▶ Assignment:
Output exactly, in the material below, the lines from the one with "Gartenbank mit Schwarzer" through the one with "UP Station Indonesia". Omit all pictures.

▶ Task inputs:

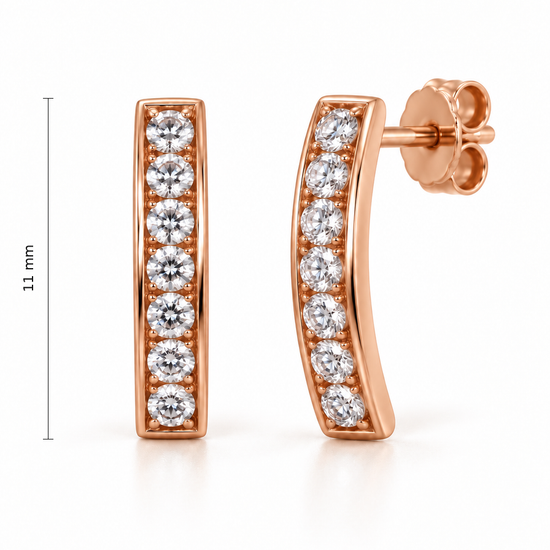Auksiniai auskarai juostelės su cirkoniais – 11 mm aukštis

* * *

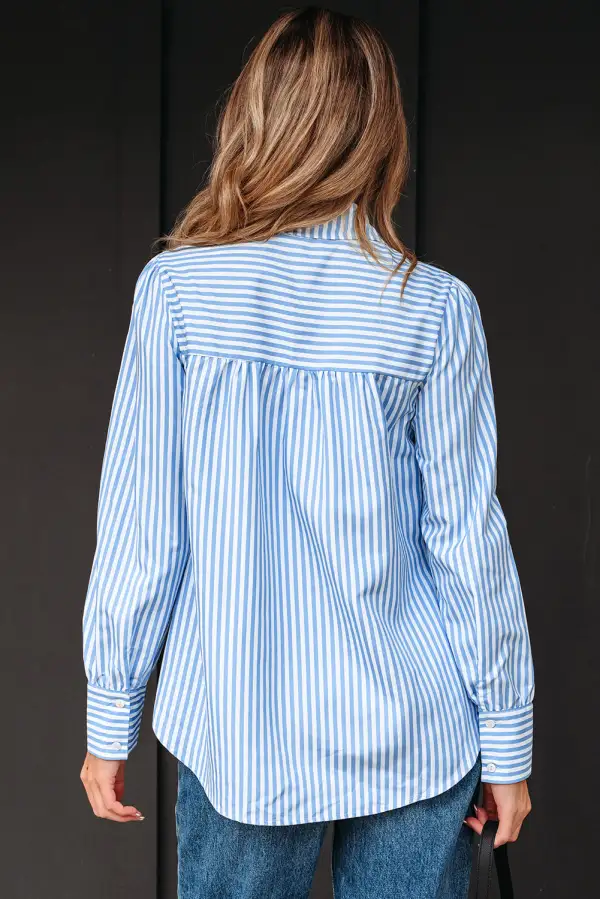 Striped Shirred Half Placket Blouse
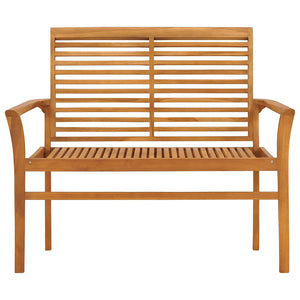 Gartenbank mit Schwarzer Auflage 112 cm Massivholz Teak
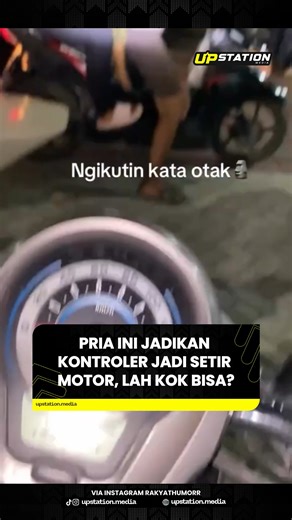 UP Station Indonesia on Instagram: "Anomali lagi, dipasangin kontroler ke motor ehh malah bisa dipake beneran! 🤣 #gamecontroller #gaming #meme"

▶ Response to the task:
 Gartenbank mit Schwarzer Auflage 112 cm Massivholz Teak
 UP Station Indonesia on Instagram: "Anomali lagi, dipasangin kontroler ke motor ehh malah bisa dipake beneran! 🤣 #gamecontroller #gaming #meme"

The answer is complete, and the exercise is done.